Review: Nathan's Run is a very good thriller about a 12-year old boy who escapes from a youth detention center after killing a guard in self-defense. (Or was it self-defense???) In an ordinary thriller, the author would follow a formula that the reader would probably be able to easily figure out. That doesn't happen here. Gilstrap gives us just enough information to keep us turning the pages to find out what happens to Nathan next. All is not as it seems in Nathan's life. Anxious to tell someone his story, Nathan telephones a national radio talk show. Improbable? Maybe. Maybe not. But it is suspenseful and riveting.

Nathan's Run may not be for everyone. There's lots of violence and profanity, but there's also quite a lot that Gilstrap has to say about our society and where we're headed. Also Nathan is one of the most unforgettable characters in adult fiction. A good read, but not a great ending, thus earning four stars instead of five.

Rating: 5 stars
Summary: Quite a trip.
Review: Suspend your disbelief and get ready for a most intense ride.

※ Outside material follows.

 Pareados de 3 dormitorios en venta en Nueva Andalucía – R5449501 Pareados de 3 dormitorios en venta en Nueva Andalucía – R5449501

It's got so much going for it. A fabulous plot that mixes a kid wrongly accused on the run, a police manhunt, a savvy contract killer on the loose, a politically motivated DA, a cop who beleives the kid (Nathan) just might be a victim and not a murderer.

Add a top rated DC talk show host to give the country the play by play and you have a book impossible to put down. I knocked it off in two sittings. It was nonstop action and I felt exhausted when all was resolved.

If I am not mistaken this is John Gilstrap's initial novel. I will be tracking down his later works.